• _What you have to do_: Every line of the listing that holds the word "background" should be returned.

▬▬▬▬▬▬

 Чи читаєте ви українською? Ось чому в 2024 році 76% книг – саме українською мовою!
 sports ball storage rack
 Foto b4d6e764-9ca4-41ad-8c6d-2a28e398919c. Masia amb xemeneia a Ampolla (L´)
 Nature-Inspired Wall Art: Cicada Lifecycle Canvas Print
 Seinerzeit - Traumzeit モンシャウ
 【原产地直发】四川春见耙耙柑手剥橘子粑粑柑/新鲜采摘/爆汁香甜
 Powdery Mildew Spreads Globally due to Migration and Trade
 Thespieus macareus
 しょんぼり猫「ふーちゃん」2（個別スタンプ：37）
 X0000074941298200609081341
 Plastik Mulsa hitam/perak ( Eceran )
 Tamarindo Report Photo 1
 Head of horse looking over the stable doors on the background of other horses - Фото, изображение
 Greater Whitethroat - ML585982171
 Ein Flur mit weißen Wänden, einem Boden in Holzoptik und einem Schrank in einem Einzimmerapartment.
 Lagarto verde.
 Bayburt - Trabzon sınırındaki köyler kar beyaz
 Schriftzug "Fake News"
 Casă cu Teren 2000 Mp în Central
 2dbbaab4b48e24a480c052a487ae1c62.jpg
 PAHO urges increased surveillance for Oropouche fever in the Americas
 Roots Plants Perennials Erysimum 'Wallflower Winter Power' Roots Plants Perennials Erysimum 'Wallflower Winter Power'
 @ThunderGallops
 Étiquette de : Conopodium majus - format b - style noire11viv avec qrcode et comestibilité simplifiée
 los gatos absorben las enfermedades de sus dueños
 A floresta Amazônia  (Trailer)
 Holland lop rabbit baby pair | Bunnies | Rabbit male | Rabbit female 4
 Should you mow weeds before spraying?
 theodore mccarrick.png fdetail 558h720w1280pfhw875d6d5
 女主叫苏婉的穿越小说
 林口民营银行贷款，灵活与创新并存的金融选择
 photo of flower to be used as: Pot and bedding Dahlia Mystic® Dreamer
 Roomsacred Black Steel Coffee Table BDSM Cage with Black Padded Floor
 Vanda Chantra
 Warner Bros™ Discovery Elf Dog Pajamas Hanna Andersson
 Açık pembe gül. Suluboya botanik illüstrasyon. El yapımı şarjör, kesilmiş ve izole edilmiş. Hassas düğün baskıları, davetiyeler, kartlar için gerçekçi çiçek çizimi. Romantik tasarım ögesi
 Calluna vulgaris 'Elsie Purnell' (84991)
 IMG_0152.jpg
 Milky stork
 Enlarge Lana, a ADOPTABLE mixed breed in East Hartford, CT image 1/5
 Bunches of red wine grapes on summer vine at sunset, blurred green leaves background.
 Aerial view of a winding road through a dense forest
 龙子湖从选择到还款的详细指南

▬▬▬▬▬▬

• _Expected output_:
 Head of horse looking over the stable doors on the background of other horses - Фото, изображение
 Bunches of red wine grapes on summer vine at sunset, blurred green leaves background.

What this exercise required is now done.